The CAM automaton is described in Figure~\ref{fig:cam}. The exit of CAM is autonomous into ACM mode when the manoeuvre or predefined-timing is finished.

\begin{figure}[htb]
	\centering
	\includegraphics[width=.6\textwidth]{figures/{"2-7 Collision Avoidance Mode"}.png}
	\caption{Collision Avoidance Mode.\label{fig:cam}}
\end{figure}

\subsubsection{Orbit Control Mode (OCM)}
In this mode, the orbit is controlled and the mission is suspended. The OCM automaton is shown in Figure~\ref{fig:ocm}.

\begin{figure}[p]
	\centering
	\includegraphics[width=.8\textwidth]{figures/{"2-8 OCM automaton"}.png}
	\caption{Orbit Control Mode.\label{fig:ocm}}
\end{figure}

\subsubsection{Formation Control Mode (FCM)}
FCM is the nominal mode where the formation flying is operational. The FCM automaton with the 3 states is shown in Figure~\ref{fig:fcm}.

\begin{figure}[p]
	\centering
	\includegraphics[width=.9\textwidth]{figures/{"2-9 Formation Control Mode"}.png}
	\caption{Formation Control Mode.\label{fig:fcm}}
\end{figure}


\subsubsection{Equipment}

The model is based on the following assumption:
\begin{itemize}
	\item An equipment can be on, off, or faulty.
	\item An equipment is started by the function that needs it. The reboot has a duration.
	\item An equipment that is not useful in the current modes, is switched off.
	\item The number of redundancies is a parameter defined for each equipment.
	\item Temporary or permanent failures can affect an equipment\footnote{Those failures can be injected by the user.} only when it's running.
	\begin{itemize}
		\item After a temporary failure, the equipment is rebooted automatically.
		\item After a permanent failure, the equipment moves over one of its available redundancies. If no redundancy is available, the state remains faulty.
		\item When an ARO event is triggered, the equipment switches off. It can be switched on without moving to a redundancy by the functions.
	\end{itemize}
\end{itemize}

\begin{figure}[h]
	\centering
	\includegraphics[width=.5\textwidth]{figures/table1.png}
	\caption{Allocation of the equipment on the modes.\label{tab:equip}}
\end{figure}

\begin{figure}[bt]
	\centering
	\includegraphics[width=\textwidth]{figures/{"Equipment mode"}.png}
	\caption{Equipment state machine.\label{fig:equip}}
\end{figure}

Figure~\ref{fig:equip} also displays the state machine of an equipment. The IMU, ColdGasProp, and STR equipment have similar state machines. Equipment which is started from an ``OFF'' state, can only reach an ``ON'' state by passing through a ``Starting'' state. When a failure happens, the equipment makes a transition to state ``Failed''. If the failure is permanent, the equipment goes over the redundant equipment. If failure is temporary, state ``Starting'' can be restored with no further consequences. The allocation of equipment on modes is given by Table in Fig.~\ref{tab:equip}. For example, in our study case, the STR is used in four modes.

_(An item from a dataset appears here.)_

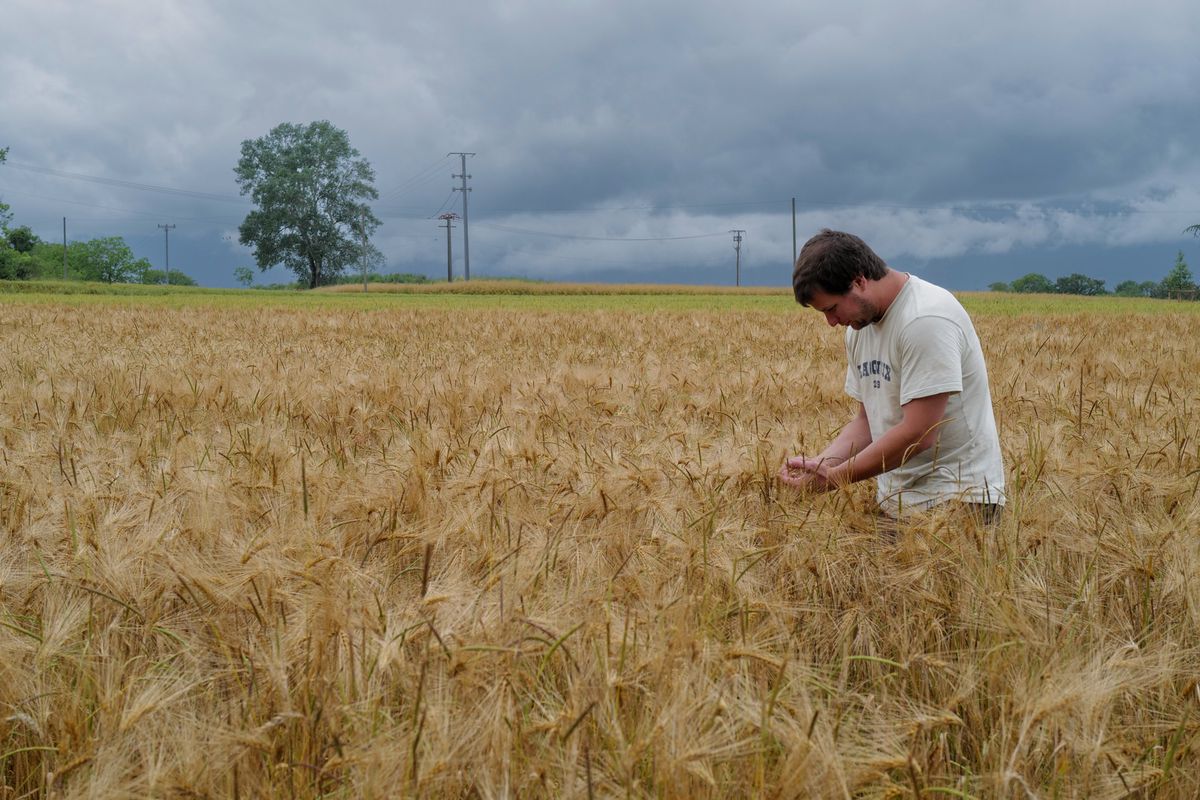 Genève 20/06/2024Maxime Dethurens du Château de Laconnex parle des cultures céréalières à Genève et de ce que proposera au public la filière Grandes cultures lors d'Agri. Fête, la fête de l'agriculture genevoise.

The AOCS, as all satellite systems, presents an increasing complexity of interactions between functions and other equipment, often raising design and integration issues during the product final testing and verification phases. Correcting these issues often generates a heavy rework and is a well-known cause for cost overruns and project delays. Moreover, the operation of space systems is traditionally informally expressed in design documents as a set of modes representing functions, equipments and monitoring mechanisms. Usually the mode dynamics of all the satellite systems and their interaction with the FDIR functions are validated by review, i.e. exhaustive manual (opposed to automatic) consistence checks and cross-reading. In case of formation flying, complex equipment and instruments are distributed over several spacecrafts. The human validation activities become practically impossible due to the high number of combinations to be analyzed. Powerful computer-aided analysis techniques are expected to help overcoming this issue.

FDIR functions validation is particularly difficult, especially with ``traditional approaches'' because of the large number of interactions and not nominal situations, which increases the difficulty in analysing them. A large variety of points of view is necessary to fully analyse the behaviour of FDIR and its impact on dependability properties, including to be complete an explicit representation of the entities handled by FDIR: architecture, faults, time, etc.

We believe that formalizing and validating the specifications through animation/simulation and model-checking has several strong advantages. On the one hand, modelling during the specification phase forces the designer to formalise and clarify the specifications. Animation/simulation is useful for validating the model against the specifications and for identifying behaviour inconsistencies based on relevant user-defined scenarios. Such inconsistencies are difficult to identify in a classical purely paper-based specification process. Last, formal verification proves that none of the possible execution scenarios violates the system properties. Such approaches are useful not only for validating an architecture or FDIR strategy once defined, but also for tuning its parameters during the definition phase.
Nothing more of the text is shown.